> Problem description
Copy every line of the records below where the word "Edition" occurs.

[Dataset records]
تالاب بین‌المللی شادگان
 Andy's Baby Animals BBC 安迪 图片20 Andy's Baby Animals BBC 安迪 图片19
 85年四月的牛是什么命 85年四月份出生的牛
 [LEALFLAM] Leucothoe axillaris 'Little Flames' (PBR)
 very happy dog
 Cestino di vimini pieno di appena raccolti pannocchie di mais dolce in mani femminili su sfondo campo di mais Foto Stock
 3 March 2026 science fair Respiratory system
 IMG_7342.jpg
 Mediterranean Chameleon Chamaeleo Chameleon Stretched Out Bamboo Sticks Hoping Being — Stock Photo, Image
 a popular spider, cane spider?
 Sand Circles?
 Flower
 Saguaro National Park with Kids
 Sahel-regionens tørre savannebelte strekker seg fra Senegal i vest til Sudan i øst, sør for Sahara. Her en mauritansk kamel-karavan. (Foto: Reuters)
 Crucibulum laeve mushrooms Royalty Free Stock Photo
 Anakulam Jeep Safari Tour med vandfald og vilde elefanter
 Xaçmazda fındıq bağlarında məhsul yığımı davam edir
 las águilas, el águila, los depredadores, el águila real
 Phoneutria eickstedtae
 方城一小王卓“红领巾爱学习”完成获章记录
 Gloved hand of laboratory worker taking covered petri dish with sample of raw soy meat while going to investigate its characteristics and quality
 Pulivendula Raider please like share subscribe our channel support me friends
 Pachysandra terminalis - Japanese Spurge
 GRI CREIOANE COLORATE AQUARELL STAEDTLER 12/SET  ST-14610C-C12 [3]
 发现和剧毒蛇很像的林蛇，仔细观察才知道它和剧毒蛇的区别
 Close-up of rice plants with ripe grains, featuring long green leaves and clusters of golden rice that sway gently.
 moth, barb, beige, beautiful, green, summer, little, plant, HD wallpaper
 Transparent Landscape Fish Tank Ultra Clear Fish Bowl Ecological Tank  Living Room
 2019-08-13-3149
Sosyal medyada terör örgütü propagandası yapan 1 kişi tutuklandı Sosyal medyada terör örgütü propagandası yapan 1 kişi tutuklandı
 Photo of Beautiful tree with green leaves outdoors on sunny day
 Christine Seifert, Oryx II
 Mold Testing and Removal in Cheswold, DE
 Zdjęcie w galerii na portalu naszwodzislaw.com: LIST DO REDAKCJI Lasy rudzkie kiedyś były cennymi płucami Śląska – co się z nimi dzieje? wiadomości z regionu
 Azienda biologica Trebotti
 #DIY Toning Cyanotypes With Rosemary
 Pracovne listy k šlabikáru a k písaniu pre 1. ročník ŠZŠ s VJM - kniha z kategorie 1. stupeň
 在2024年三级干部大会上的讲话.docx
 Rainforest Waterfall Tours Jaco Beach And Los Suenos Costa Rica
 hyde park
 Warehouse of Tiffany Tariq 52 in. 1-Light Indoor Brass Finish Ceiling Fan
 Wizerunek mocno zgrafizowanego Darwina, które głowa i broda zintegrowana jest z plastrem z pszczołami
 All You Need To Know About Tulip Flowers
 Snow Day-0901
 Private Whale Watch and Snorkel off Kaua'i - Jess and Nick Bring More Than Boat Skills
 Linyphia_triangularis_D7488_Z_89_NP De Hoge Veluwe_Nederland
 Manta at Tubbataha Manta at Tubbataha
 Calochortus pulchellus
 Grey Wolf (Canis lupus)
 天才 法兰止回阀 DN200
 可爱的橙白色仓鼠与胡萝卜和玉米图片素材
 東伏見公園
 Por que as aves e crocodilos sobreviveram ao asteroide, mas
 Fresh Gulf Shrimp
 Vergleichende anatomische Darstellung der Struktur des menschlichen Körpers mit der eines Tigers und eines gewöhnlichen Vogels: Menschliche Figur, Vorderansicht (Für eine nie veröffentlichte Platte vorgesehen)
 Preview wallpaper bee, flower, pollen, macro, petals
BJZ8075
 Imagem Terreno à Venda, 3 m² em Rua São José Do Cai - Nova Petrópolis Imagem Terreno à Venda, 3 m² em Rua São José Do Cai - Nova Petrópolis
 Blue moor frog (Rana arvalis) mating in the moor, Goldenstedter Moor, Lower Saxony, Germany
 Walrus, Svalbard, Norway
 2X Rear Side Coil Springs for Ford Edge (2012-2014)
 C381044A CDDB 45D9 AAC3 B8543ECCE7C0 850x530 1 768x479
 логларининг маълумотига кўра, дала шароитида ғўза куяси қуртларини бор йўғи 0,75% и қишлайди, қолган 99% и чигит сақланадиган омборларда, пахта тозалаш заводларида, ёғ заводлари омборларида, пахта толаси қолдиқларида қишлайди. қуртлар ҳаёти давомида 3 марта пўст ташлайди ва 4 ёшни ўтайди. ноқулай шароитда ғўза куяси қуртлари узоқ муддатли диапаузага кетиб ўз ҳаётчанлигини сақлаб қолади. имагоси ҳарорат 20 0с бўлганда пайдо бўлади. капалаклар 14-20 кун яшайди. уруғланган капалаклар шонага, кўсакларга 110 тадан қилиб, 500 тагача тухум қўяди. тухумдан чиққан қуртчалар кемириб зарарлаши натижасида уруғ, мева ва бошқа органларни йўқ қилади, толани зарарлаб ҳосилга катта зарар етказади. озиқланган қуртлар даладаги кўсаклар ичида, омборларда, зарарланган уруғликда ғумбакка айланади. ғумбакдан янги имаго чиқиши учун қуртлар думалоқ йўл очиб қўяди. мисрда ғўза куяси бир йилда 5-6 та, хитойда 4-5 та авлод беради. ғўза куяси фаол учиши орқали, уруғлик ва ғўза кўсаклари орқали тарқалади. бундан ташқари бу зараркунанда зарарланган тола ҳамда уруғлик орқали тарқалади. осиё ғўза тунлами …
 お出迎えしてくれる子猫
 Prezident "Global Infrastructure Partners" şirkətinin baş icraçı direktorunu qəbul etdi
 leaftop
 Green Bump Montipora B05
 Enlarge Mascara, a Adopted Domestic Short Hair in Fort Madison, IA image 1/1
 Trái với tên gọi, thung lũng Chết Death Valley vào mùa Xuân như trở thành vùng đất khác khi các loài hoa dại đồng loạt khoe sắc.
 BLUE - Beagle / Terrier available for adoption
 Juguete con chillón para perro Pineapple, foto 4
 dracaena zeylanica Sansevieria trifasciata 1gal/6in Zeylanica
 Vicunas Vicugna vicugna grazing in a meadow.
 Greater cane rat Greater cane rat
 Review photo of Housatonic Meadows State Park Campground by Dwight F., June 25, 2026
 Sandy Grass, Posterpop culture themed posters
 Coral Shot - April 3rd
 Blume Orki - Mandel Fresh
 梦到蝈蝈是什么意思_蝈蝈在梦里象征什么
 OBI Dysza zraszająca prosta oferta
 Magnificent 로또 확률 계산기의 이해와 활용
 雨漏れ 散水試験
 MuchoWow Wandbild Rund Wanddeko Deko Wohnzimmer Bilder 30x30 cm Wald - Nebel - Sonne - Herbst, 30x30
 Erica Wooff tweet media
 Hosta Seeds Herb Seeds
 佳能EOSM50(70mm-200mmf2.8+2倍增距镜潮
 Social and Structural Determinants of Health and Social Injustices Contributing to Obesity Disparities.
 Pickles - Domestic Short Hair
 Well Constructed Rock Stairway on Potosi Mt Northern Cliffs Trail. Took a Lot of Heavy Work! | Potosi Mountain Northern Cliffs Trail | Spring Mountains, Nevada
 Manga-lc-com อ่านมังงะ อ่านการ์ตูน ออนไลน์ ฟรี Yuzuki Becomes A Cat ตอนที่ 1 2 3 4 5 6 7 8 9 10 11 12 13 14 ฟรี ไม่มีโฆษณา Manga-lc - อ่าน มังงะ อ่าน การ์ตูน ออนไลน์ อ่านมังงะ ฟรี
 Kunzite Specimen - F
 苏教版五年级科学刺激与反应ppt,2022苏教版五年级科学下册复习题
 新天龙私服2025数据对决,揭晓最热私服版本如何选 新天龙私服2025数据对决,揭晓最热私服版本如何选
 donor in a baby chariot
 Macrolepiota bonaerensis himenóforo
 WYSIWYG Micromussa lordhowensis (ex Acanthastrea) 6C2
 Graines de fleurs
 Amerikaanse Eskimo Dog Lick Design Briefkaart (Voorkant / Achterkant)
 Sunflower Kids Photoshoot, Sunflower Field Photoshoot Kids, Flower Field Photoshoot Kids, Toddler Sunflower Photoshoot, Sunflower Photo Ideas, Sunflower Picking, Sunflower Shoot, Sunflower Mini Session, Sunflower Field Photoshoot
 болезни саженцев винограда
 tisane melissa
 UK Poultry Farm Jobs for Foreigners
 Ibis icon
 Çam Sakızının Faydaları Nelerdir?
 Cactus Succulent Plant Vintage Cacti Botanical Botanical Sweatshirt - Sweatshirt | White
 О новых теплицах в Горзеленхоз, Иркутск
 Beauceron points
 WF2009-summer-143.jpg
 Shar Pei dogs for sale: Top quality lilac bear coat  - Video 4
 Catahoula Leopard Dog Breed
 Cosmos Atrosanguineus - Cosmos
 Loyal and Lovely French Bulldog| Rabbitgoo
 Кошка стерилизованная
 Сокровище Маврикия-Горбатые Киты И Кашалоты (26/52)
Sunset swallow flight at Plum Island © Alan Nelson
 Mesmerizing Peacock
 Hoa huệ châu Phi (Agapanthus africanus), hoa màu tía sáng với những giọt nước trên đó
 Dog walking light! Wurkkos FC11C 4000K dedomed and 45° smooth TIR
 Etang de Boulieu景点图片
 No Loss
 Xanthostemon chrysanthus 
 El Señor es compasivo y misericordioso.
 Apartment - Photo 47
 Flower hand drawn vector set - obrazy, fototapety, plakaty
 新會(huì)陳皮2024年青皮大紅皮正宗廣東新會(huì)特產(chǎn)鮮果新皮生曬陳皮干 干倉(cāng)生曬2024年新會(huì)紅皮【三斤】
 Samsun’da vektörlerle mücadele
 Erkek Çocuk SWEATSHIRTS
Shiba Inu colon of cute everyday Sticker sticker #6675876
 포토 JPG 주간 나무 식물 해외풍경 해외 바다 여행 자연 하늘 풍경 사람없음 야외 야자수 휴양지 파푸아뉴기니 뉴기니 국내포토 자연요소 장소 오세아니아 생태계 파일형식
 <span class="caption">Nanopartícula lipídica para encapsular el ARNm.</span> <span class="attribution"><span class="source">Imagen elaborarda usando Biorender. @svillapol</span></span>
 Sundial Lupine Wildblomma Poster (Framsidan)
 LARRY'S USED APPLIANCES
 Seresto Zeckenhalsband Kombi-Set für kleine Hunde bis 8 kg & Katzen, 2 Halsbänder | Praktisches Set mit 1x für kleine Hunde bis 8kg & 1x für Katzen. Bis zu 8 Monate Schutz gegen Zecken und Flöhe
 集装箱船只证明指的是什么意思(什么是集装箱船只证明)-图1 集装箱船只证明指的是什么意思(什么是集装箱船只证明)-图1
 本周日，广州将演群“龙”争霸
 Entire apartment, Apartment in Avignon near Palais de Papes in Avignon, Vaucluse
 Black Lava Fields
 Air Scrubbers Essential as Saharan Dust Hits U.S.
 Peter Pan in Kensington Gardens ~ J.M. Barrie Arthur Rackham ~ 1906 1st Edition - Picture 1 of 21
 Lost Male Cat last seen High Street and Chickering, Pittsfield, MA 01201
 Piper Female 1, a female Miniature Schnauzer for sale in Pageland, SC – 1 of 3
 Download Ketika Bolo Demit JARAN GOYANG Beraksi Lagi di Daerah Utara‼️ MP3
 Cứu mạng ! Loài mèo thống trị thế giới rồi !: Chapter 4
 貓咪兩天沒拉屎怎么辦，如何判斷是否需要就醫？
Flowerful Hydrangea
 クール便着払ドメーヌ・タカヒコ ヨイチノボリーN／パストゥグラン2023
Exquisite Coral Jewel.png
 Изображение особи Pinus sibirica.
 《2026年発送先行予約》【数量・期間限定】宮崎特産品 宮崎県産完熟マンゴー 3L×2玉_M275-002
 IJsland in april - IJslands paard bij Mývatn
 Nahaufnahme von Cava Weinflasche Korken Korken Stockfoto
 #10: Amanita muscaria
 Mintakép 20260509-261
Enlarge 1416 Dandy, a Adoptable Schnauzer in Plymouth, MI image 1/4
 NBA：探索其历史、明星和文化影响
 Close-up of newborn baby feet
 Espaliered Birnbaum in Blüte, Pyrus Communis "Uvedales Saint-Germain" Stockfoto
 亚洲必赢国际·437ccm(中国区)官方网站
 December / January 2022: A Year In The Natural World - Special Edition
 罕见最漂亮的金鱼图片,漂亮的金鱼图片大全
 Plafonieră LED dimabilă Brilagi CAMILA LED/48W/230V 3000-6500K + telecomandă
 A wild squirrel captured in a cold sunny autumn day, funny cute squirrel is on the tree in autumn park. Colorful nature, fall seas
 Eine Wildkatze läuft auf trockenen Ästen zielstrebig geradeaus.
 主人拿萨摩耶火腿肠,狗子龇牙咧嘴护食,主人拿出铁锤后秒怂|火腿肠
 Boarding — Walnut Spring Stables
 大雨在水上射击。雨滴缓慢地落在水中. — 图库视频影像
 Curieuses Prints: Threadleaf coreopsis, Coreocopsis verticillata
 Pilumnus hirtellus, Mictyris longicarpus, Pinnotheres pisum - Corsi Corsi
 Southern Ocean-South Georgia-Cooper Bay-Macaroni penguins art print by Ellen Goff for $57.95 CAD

> Answer below
 Peter Pan in Kensington Gardens ~ J.M. Barrie Arthur Rackham ~ 1906 1st Edition - Picture 1 of 21
 December / January 2022: A Year In The Natural World - Special Edition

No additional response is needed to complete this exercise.